Neuere ­Outsour­cing-Ansätze
Auch neuere Outsourcing-Ideen wie IT als Utility oder Offshoring stoßen Gartner zufolge hierzulande bereits auf Interesse. Beim Utility Computing seien die Angebote allerdings noch nicht ausgereift. Die Anwender warten mit konkreten Projekten derzeit noch ab, weil sie offene Punkte bei der Abrechnung, der Sicherheit und auch der Integration mit bestehenden Anwendungen sehen. Beim Offshoring hingegen sei das Geschäft schon in Gang gekommen. Von 12 Prozent im Jahr 2005 werde der Anteil der Unternehmen, die in hohem Maß billige IT-Dienstleistungen aus Schwellenländern nutzen, in diesem Jahr auf 17 Prozent ansteigen.
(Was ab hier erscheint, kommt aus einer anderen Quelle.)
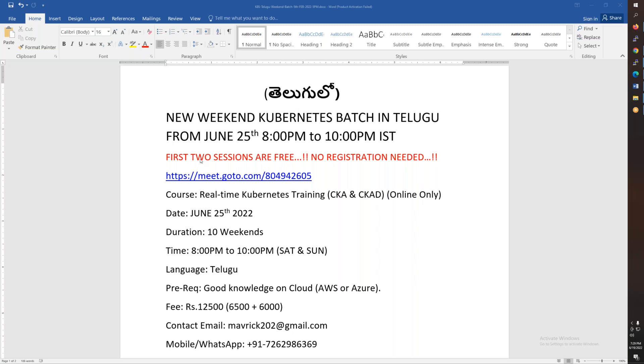So first two sessions are free. Next Saturday and Sunday, two sessions are open sessions, so you don't have to use your direct URL and you will be able to get to the direct meeting.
Europaweit werden dies bis 2008 den Selbstbekundungen der Anwender in der Gartner-Umfrage zufolge 20 Prozent der Unternehmen tun.

Bedenken überwiegen
Mehr Zurückhaltung beim Offshore-Out­­sourcing hat indes eine andere ­Er­hebung zutage gefördert. Im Auftrag des Münchner IT-Dienstleisters Softlab hat die Marktforschungsfirma meet­biz-re­search mehr als 400 mittelständische und große Un­ternehmen in Deutschland ­be­fragt. 56 Prozent möchten danach ­ex­ter­ne Un­ter­stützung für ihre IT dezidiert aus deutschen Landen bekommen. 38 Prozent würden sogar ihre Geschäftsbeziehung zu einem hiesigen IT-Dienstleister in Frage stellen, wenn er seinerseits IT-Services in Niedriglohnländer auslagert. Als Hauptgrund für diese Skepsis ge­genüber dem Offshoring nennen 61 Prozent der Un­ter­nehmen Verständigungsschwierigkeiten. An zweiter Stelle steht mit 58 Prozent die Furcht vor zeitlichen Verzögerungen, gefolgt von Produktivitätsnachteilen durch höhere Ausfallzeiten mit 54 Prozent. Klaus von der Osten-Sacken, Mitglied der Geschäftsleitung von Softlab, meint jedoch, dass die Globalisierung auch bei der Bereitstellung von IT-­Services nicht aufzuhalten ist. Statt auf die Risiken sollte man sich auf die Chancen konzentrieren. Vor allem bei standardisierten Dienstleistungen sieht er Chancen, durch Offshoring die ­Kosten zu senken. Die Vorbehalte der hiesigen Anwender bewertet er als ­emotionale Anpassungsschwierigkeiten. Made in Germany ist demnach kein Wert an sich. Laut Osten-Sacken darf der Kostenaspekt nicht isoliert betrachtet werden: »Offshoring-Konzepte lassen sich nicht beliebig in bestehende Verhältnisse integrieren. Sie müssen bereits im Entwurf von IT-Strategien berücksichtigt werden.« Dann seien optimale Kombinationen von deutschen und ausländischen Dienstleistungen möglich. Andreas Stiehler, Analyst bei der Berliner Marktforschungsfirma Berlecon, meint zwar, dass dies ein weiterer Fall sei, in dem deutsche Unternehmen Marktchancen nicht so rasch nutzen wie namentlich britische oder ameri­kanische. Doch sieht er in der Skepsis durchaus eine gesunde Reaktion auf überzogene Versprechen der Anbieter. Schließlich hätten viele IT-Outsourcing-Ideen und -Projekte in der Vergangenheit die geweckten Erwartungen nicht erfüllt.